_TASK PROMPT_. Copy exactly the lines of the material below that fall between the line with "Chien Collie à" and the line with "silver e albinas", both of those lines included; pictures stay out.
◆ ◆ ◆
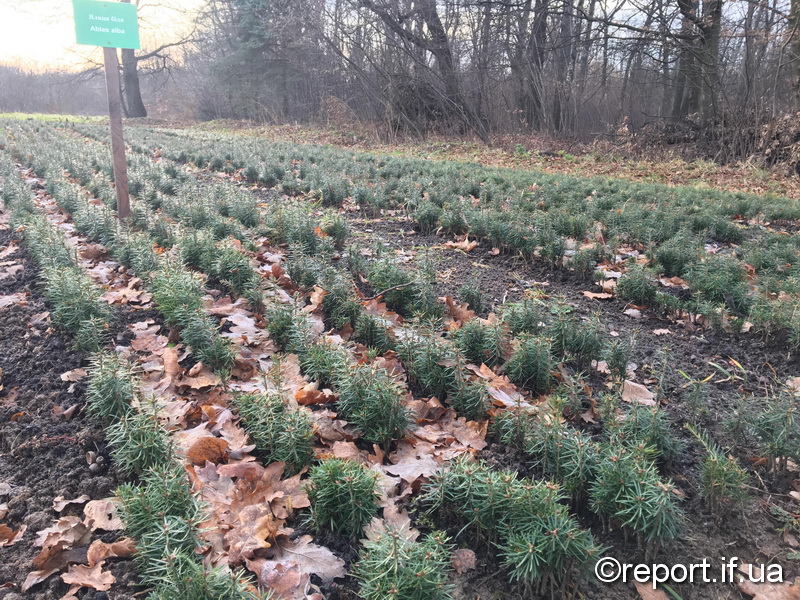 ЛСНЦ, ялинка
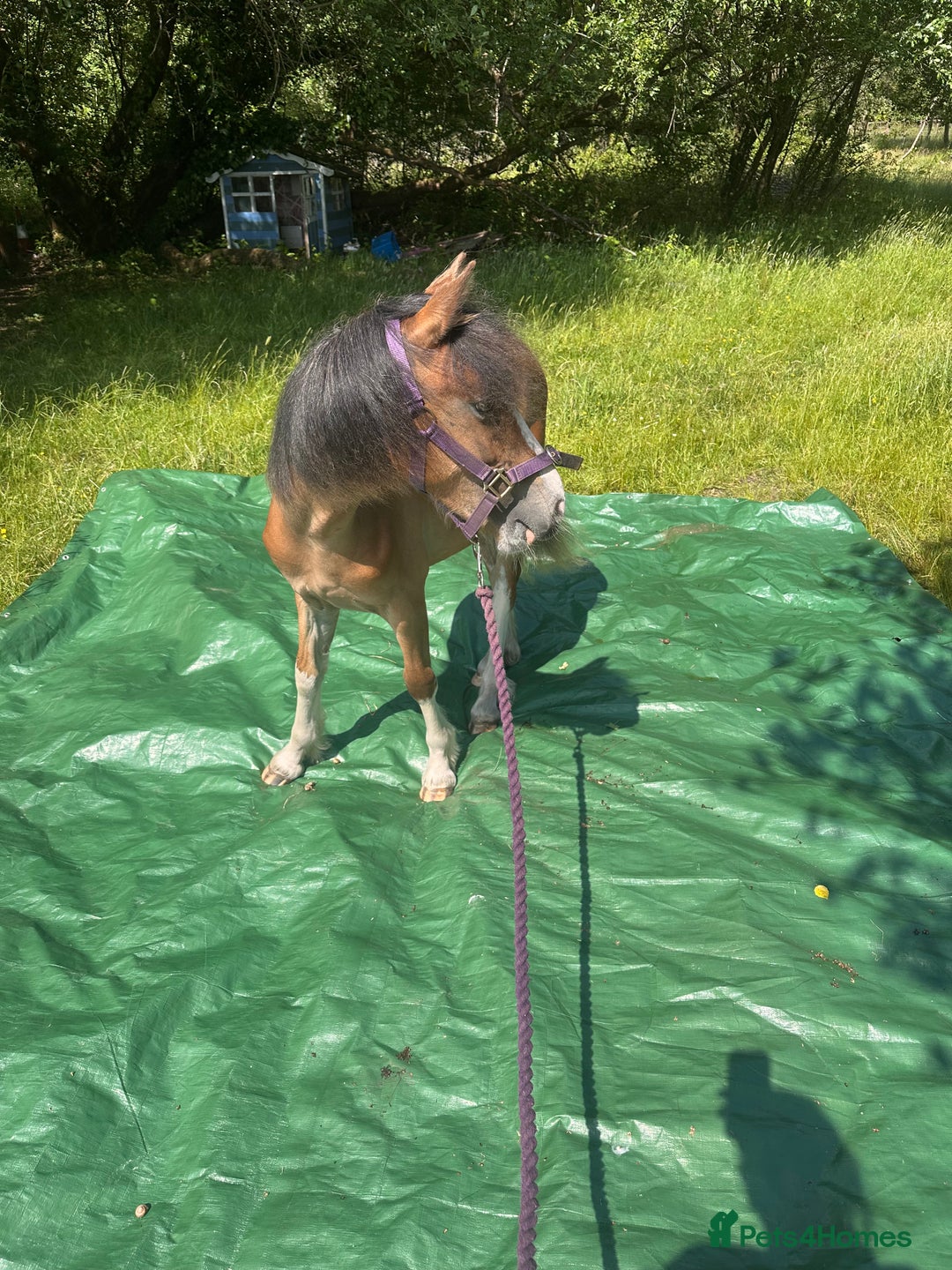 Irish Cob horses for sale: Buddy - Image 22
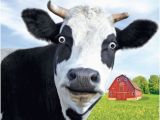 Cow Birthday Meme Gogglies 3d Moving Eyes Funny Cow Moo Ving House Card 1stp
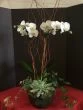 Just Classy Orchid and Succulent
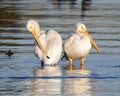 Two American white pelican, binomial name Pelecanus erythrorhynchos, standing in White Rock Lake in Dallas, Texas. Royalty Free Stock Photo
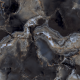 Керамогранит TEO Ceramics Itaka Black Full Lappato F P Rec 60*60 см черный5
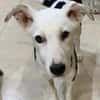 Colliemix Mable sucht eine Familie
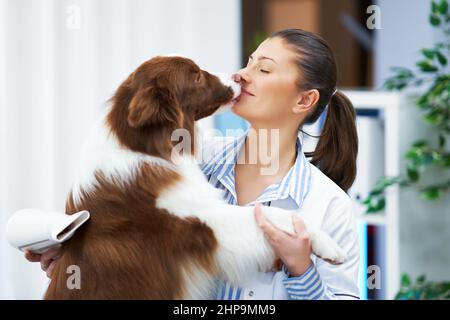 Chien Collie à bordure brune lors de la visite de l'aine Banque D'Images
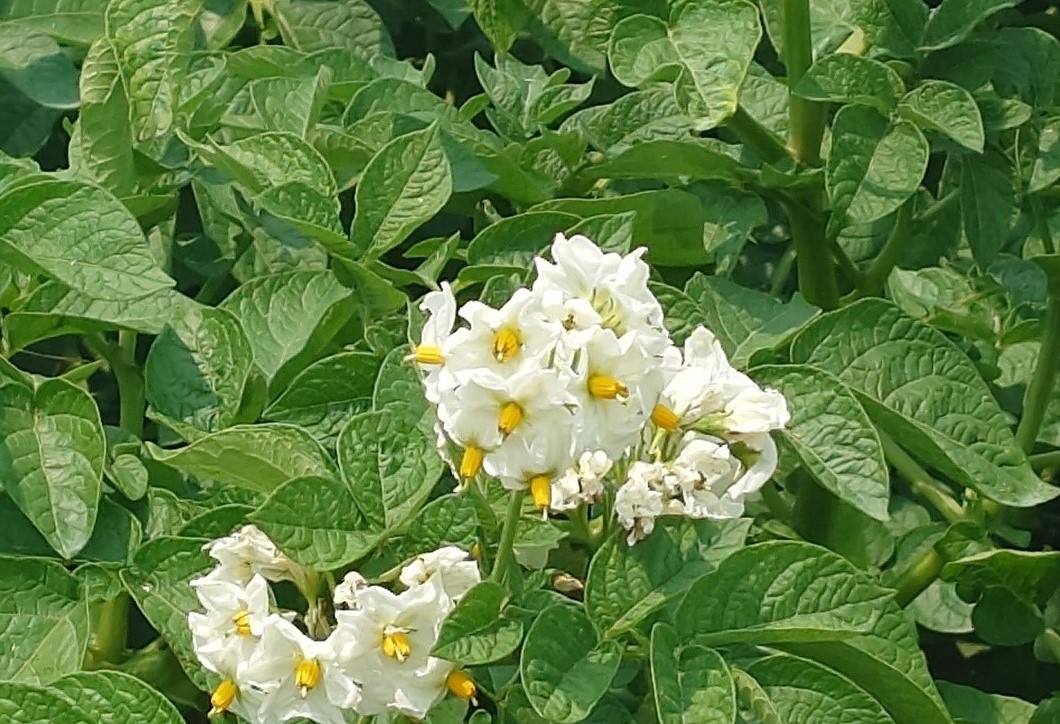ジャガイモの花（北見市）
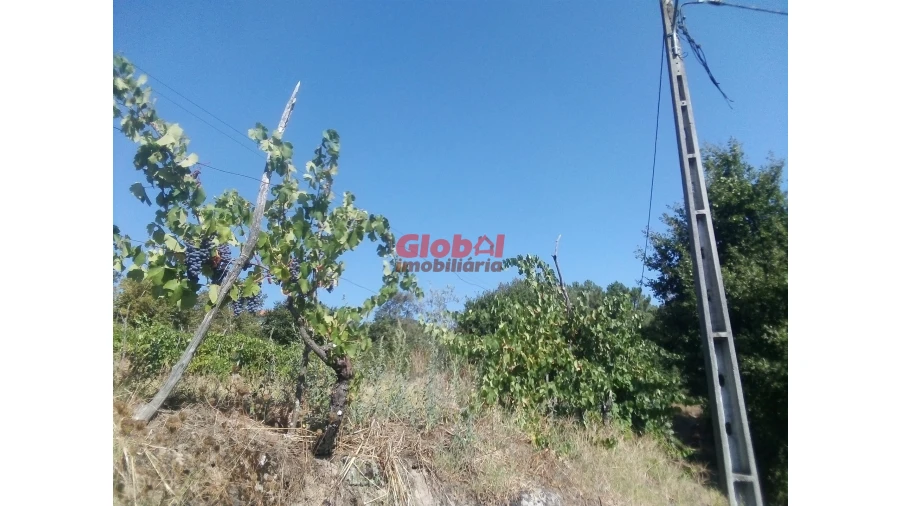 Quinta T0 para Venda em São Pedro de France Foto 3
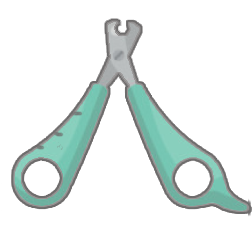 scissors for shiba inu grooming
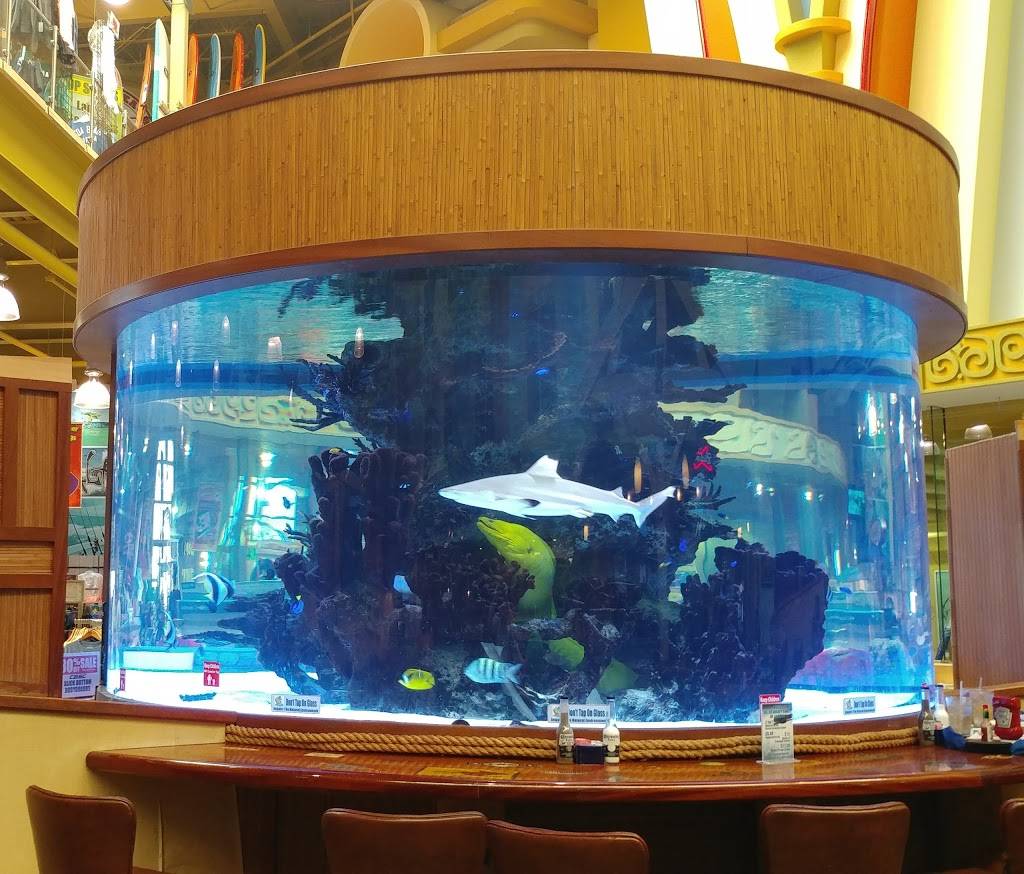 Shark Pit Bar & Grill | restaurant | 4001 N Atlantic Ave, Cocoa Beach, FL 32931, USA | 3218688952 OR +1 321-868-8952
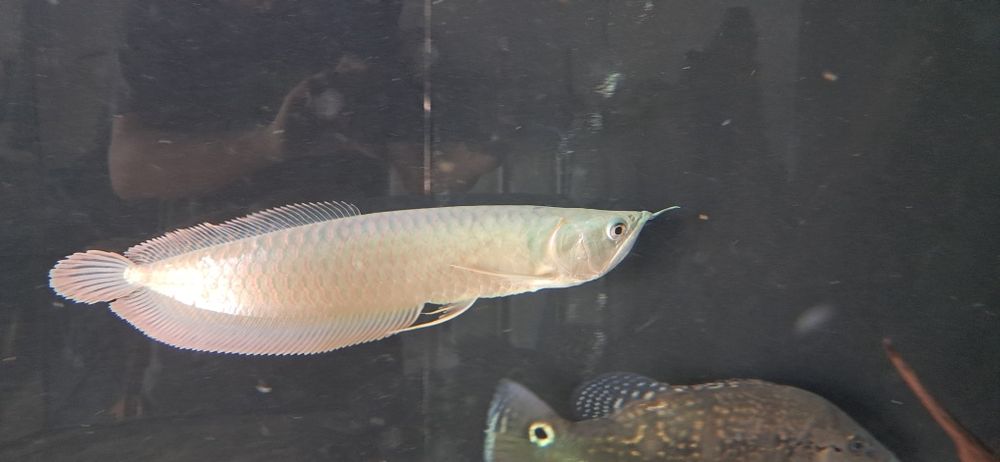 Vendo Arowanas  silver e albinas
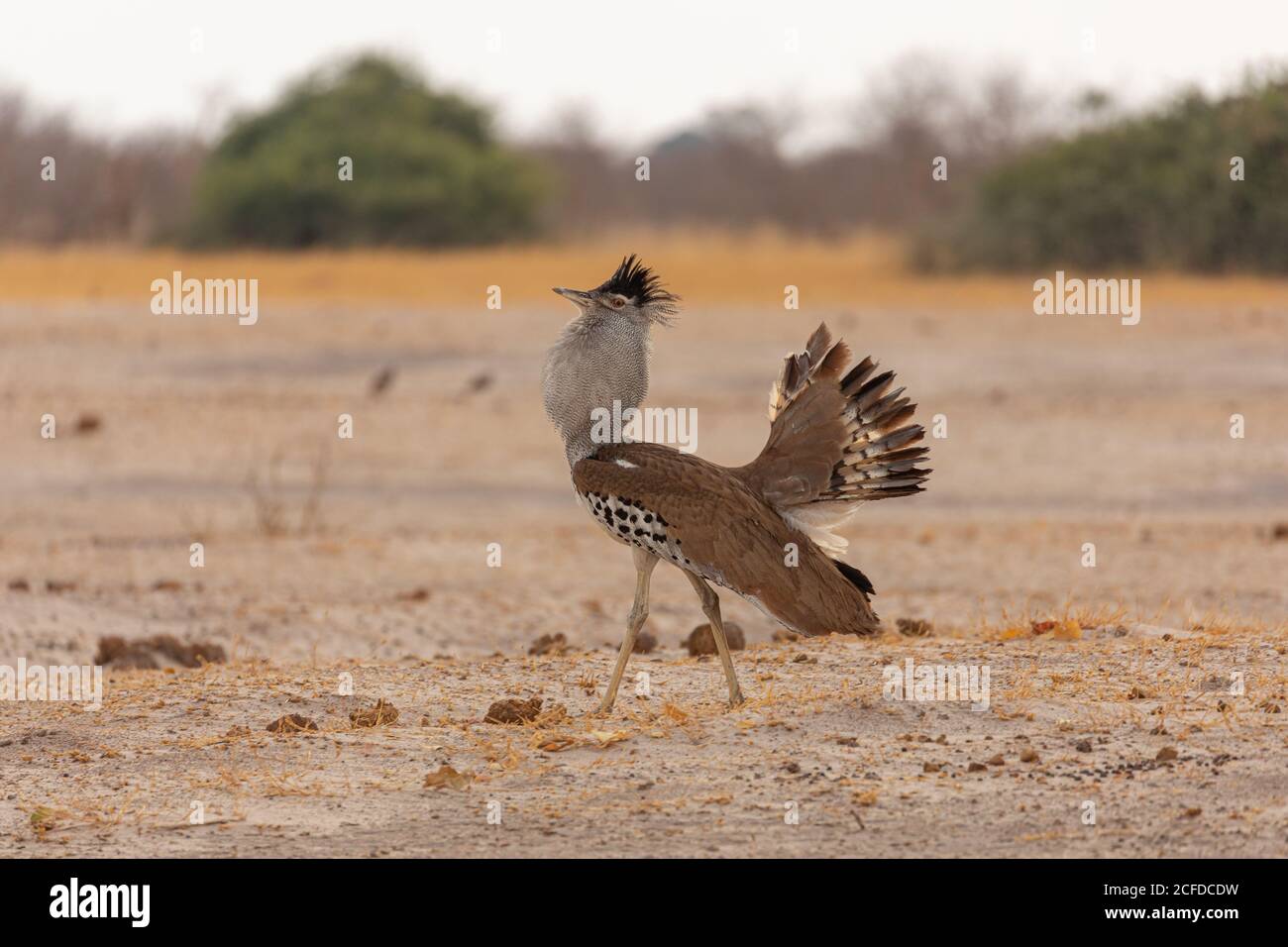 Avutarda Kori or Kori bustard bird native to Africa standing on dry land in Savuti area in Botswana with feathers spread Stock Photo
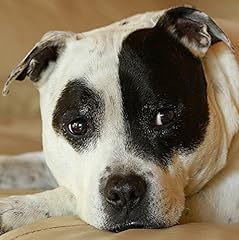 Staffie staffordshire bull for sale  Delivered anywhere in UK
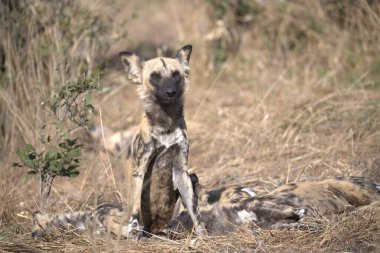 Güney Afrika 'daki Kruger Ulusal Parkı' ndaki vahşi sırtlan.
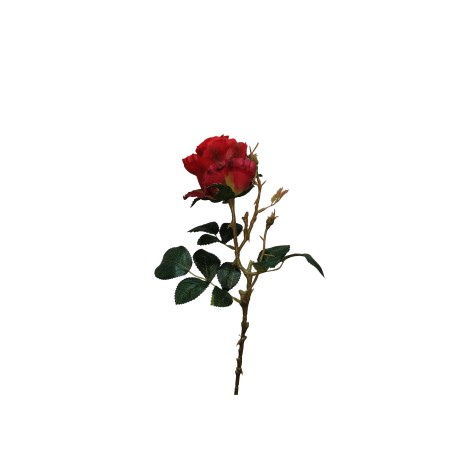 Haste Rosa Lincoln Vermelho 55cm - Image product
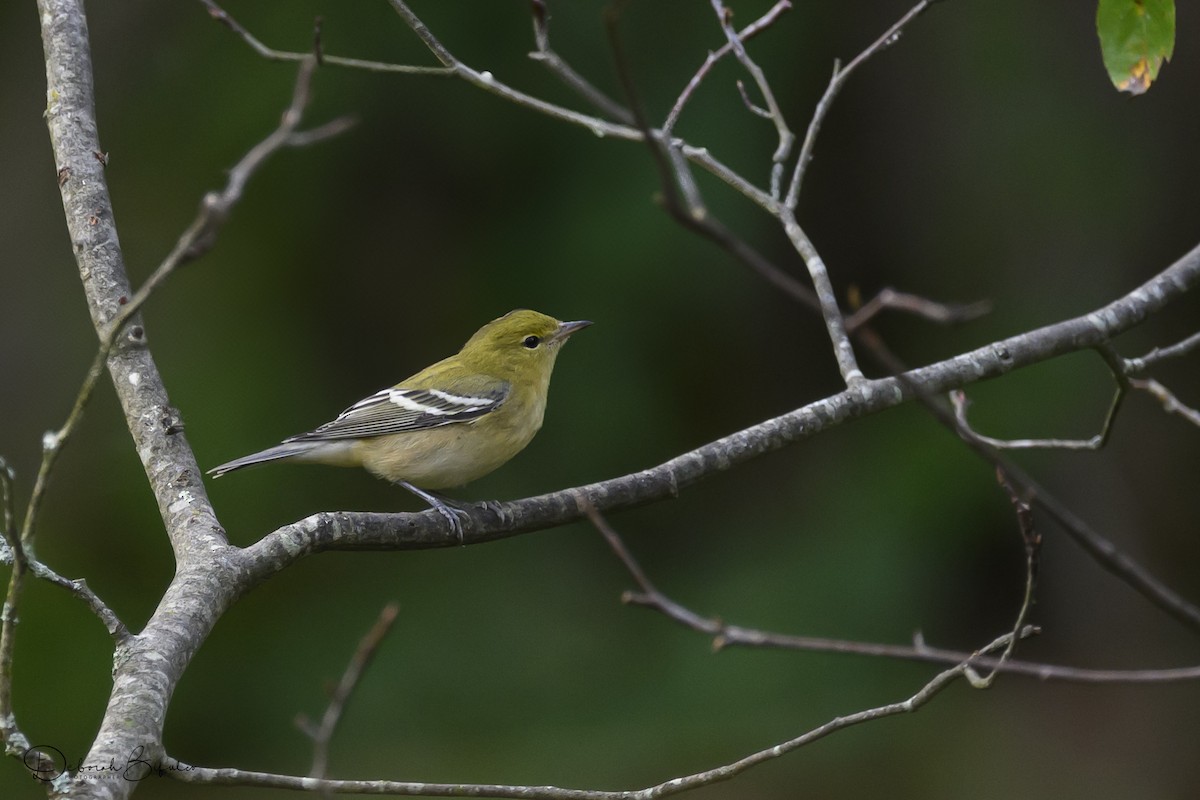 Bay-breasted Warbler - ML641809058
◆ ◆ ◆
_EXERCISE RESULT_.
 Chien Collie à bordure brune lors de la visite de l'aine Banque D'Images
ジャガイモの花（北見市）
 Quinta T0 para Venda em São Pedro de France Foto 3
 scissors for shiba inu grooming
 Shark Pit Bar & Grill | restaurant | 4001 N Atlantic Ave, Cocoa Beach, FL 32931, USA | 3218688952 OR +1 321-868-8952
 Vendo Arowanas  silver e albinas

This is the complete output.